DESCRIPTION OF THE TASK — Leave out every picture, and output exactly the lines from the line containing "带办公室的家 出租或出售在Khlong Toei, Bangkok" through the last line of the data.

EXERCISE MATERIALS —
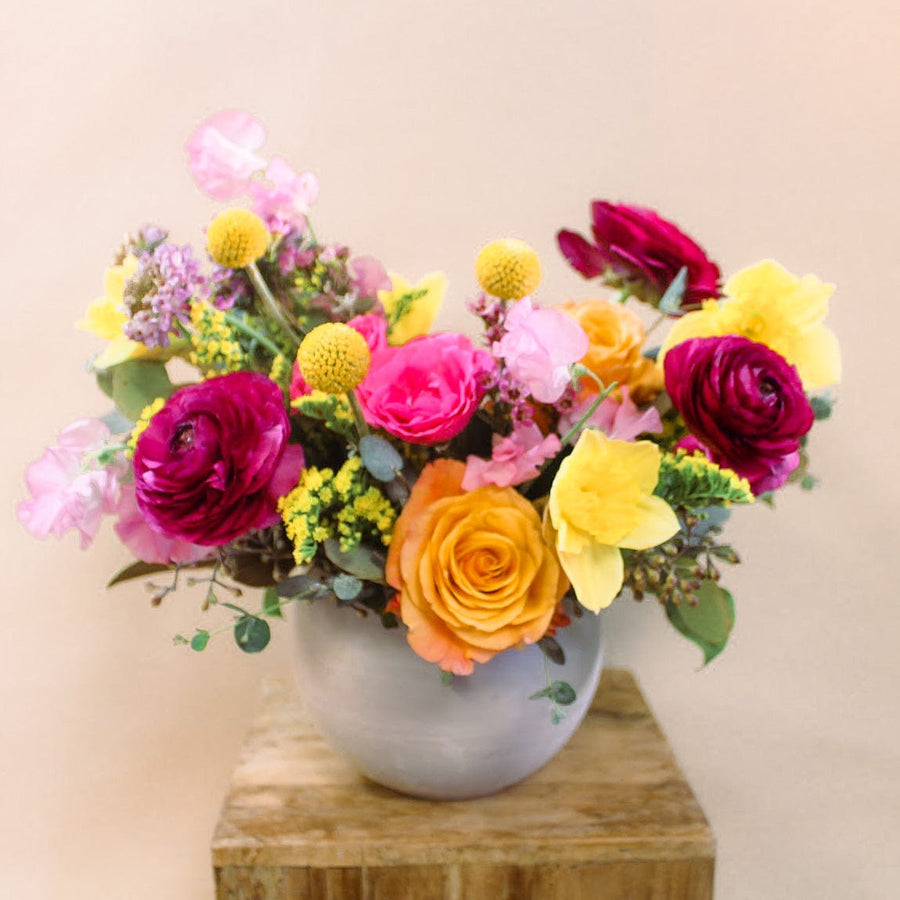 Roses, ranunculus, sweet pea, daffodils, billy balls, solidago, eucalyptus in a concrete ceramic bowl ready for any birthdays, anniversary, or celebrations in Houston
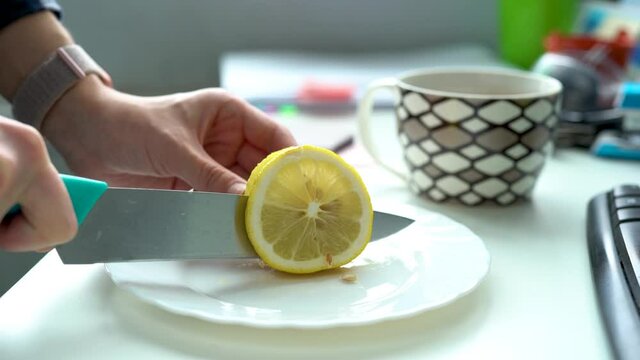 Women's hands cut a lemon on a white plate in office Horizontal, fingers, knife, reamer. Lady hands closeup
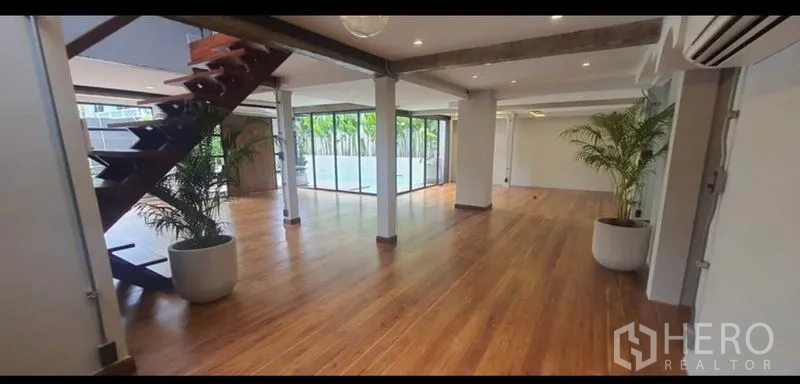 带办公室的家 出租或出售在Khlong Toei, Bangkok - 宽敞开放式室内，木地板、外露梁、楼梯与落地窗，面向绿植。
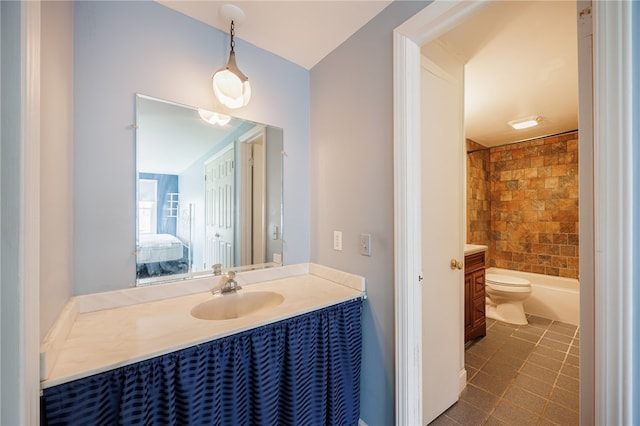 full bathroom featuring vanity, ensuite bathroom, tile patterned flooring, toilet, and washtub / shower combination
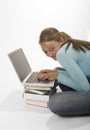 Mischievous girl on laptop Royalty Free Stock Photo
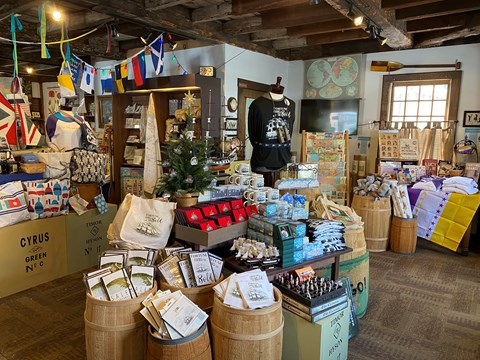 books, apparel, toys, maps and other souvenirs on display inside a store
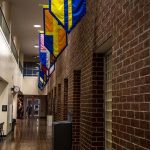 Flags hang in a hallway in the L. J. Goins building at Pellissippi's Hardin Valley campus. | Sophie Perrins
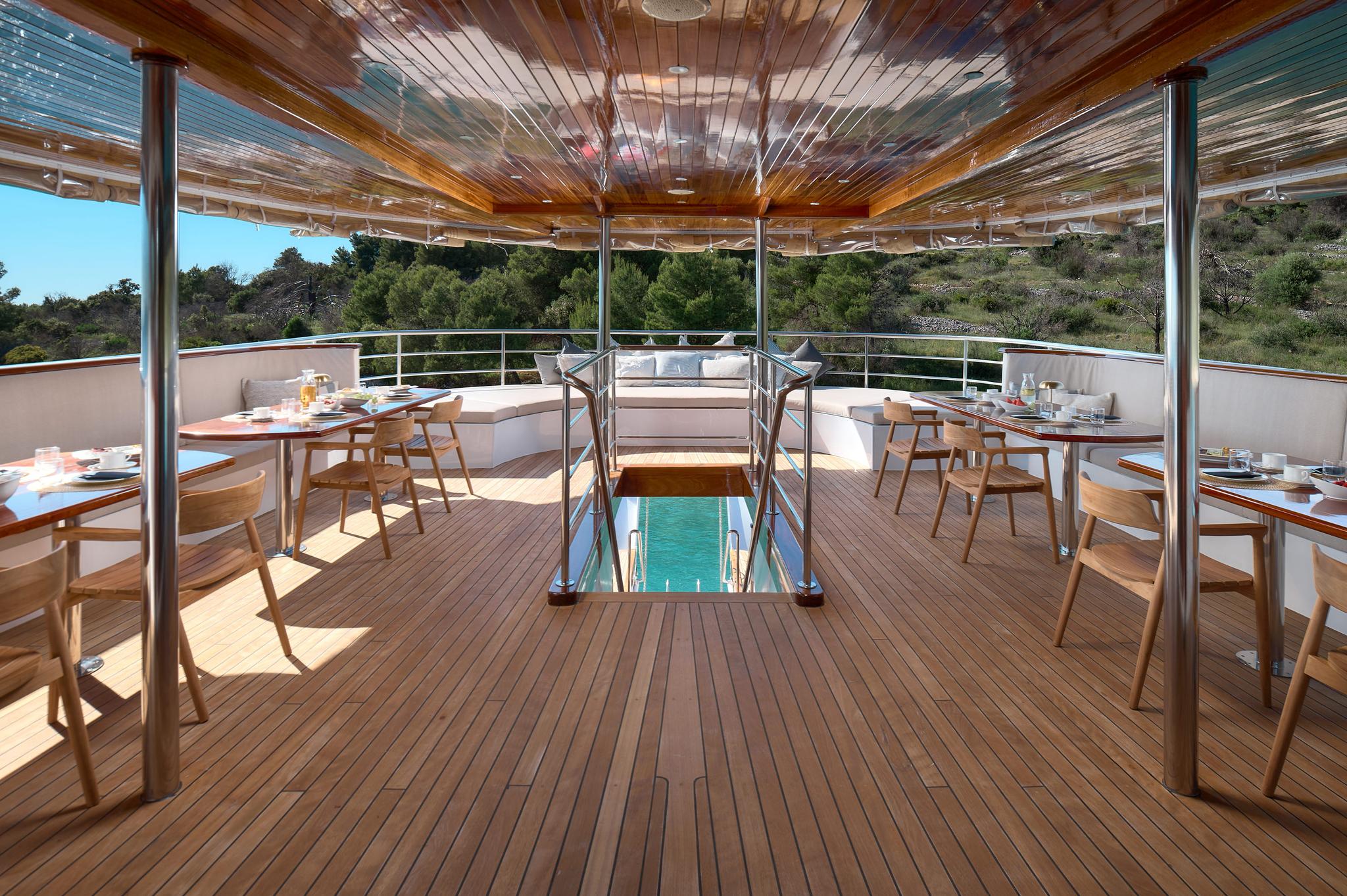yacht aft deck dining area with teak flooring, glass floor panel, and coastal views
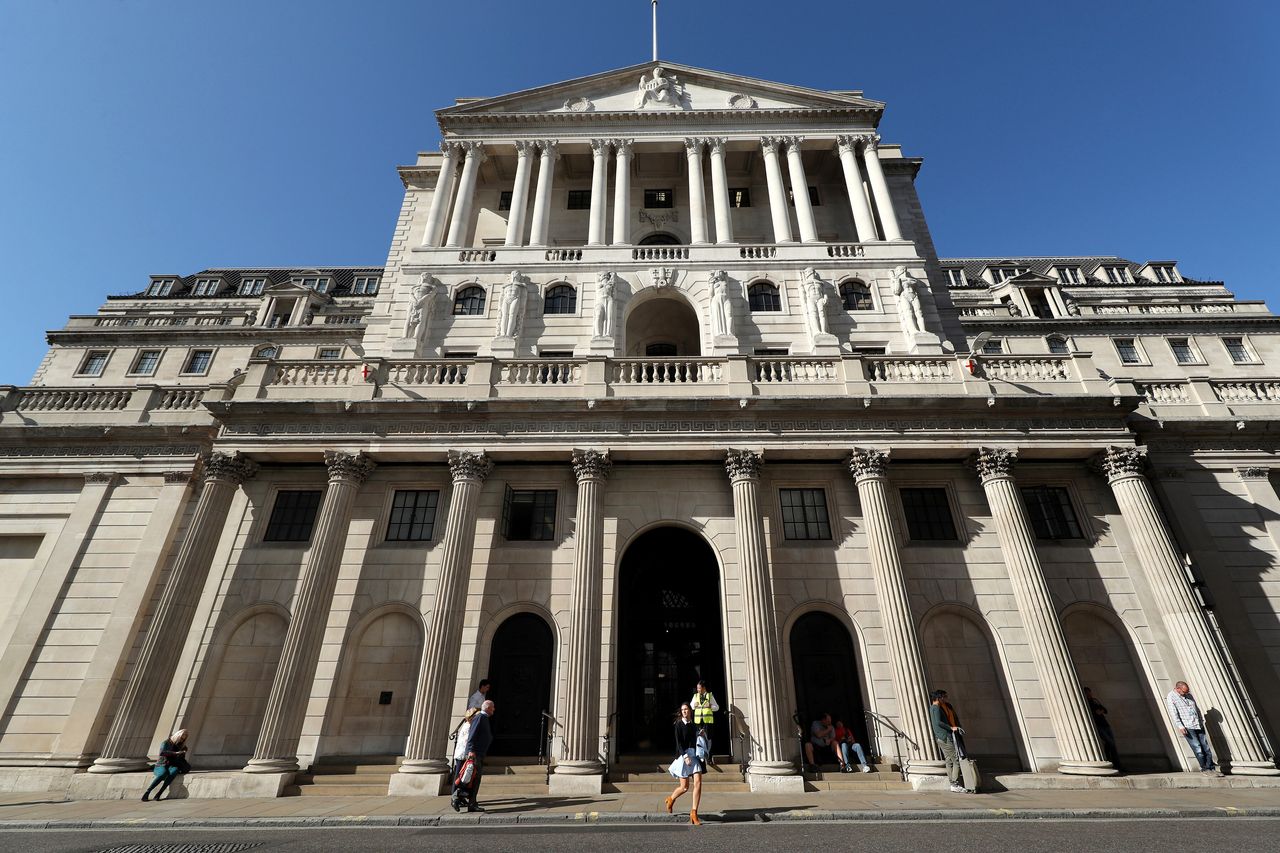The Bank of England, in the City of London, which has announced that it has cut its main interest rate to 0.25% from 0.75%.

RESULT —
 带办公室的家 出租或出售在Khlong Toei, Bangkok - 宽敞开放式室内，木地板、外露梁、楼梯与落地窗，面向绿植。
 full bathroom featuring vanity, ensuite bathroom, tile patterned flooring, toilet, and washtub / shower combination
 Mischievous girl on laptop Royalty Free Stock Photo
 books, apparel, toys, maps and other souvenirs on display inside a store
 Flags hang in a hallway in the L. J. Goins building at Pellissippi's Hardin Valley campus. | Sophie Perrins
yacht aft deck dining area with teak flooring, glass floor panel, and coastal views
The Bank of England, in the City of London, which has announced that it has cut its main interest rate to 0.25% from 0.75%.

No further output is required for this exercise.